Top of DATA BLOCK

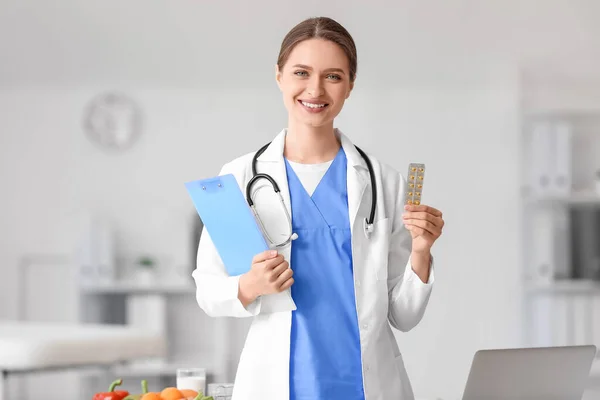 Női Orvos Vitaminokkal Vágódeszkával Klinikán — Stock Fotó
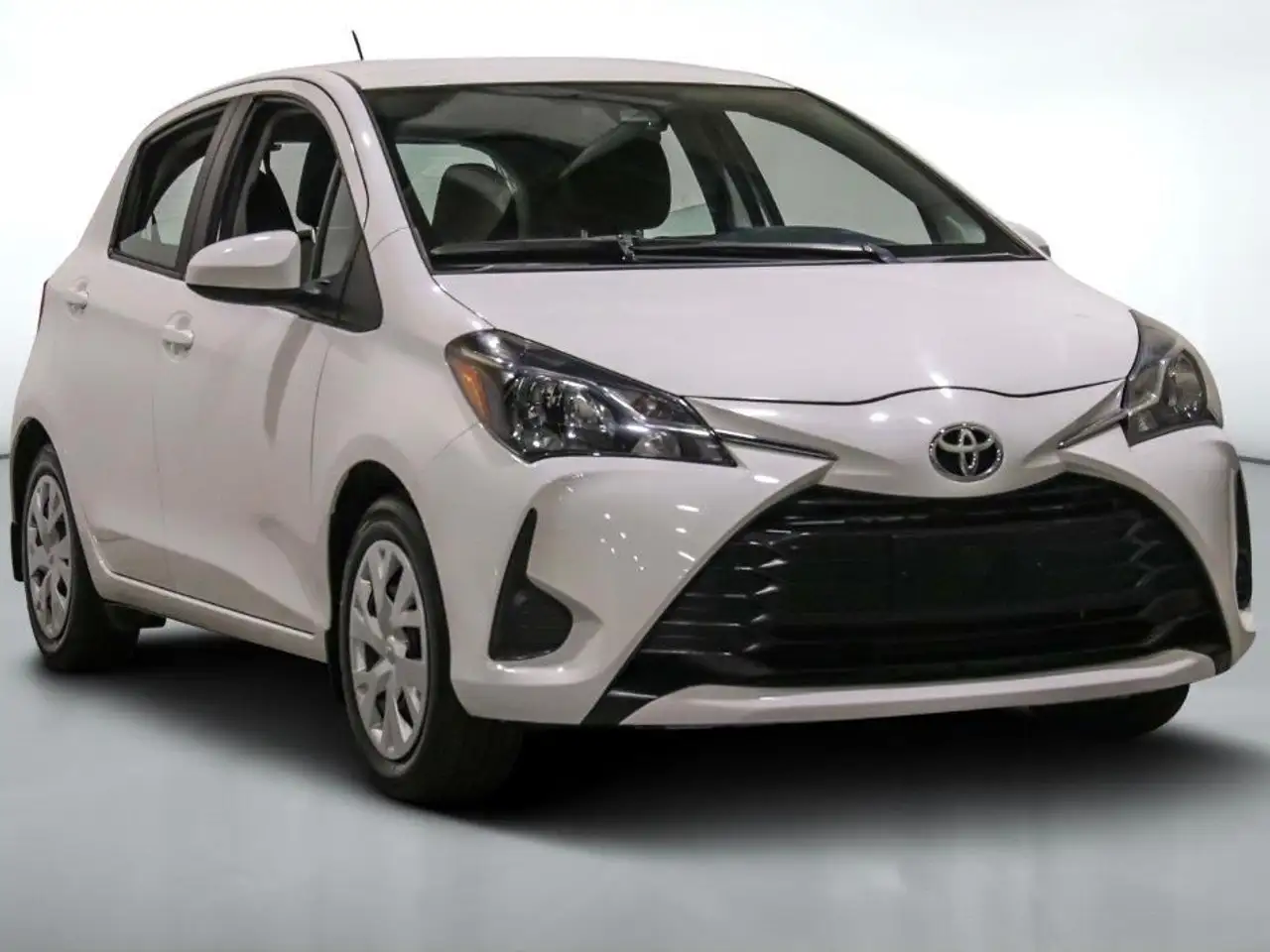 Toyota Yaris снимка Toyota Yaris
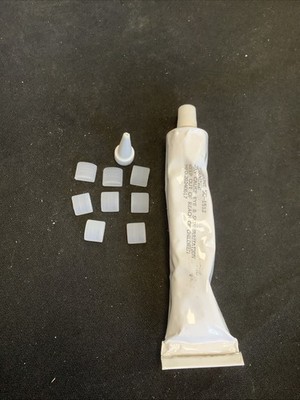 WAC Lighting End Caps (8 Pieces) w/ Silicon Sealant. T24-WE-EC @102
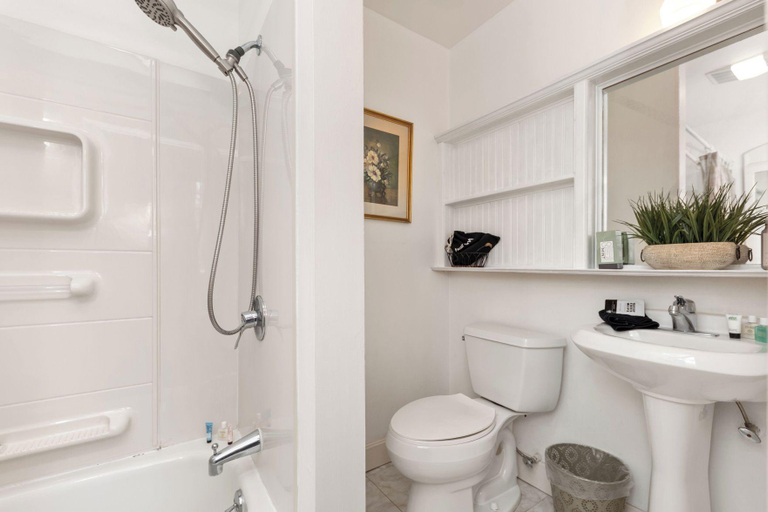 Bathroom 3, The Augusta Guest House, Bracken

Bottom of DATA BLOCK

> YOUR INSTRUCTIONS:
Please retype the whole listing above exactly, without any of its images.

> REPLY:
 Női Orvos Vitaminokkal Vágódeszkával Klinikán — Stock Fotó
 Toyota Yaris снимка Toyota Yaris
 WAC Lighting End Caps (8 Pieces) w/ Silicon Sealant. T24-WE-EC @102
 Bathroom 3, The Augusta Guest House, Bracken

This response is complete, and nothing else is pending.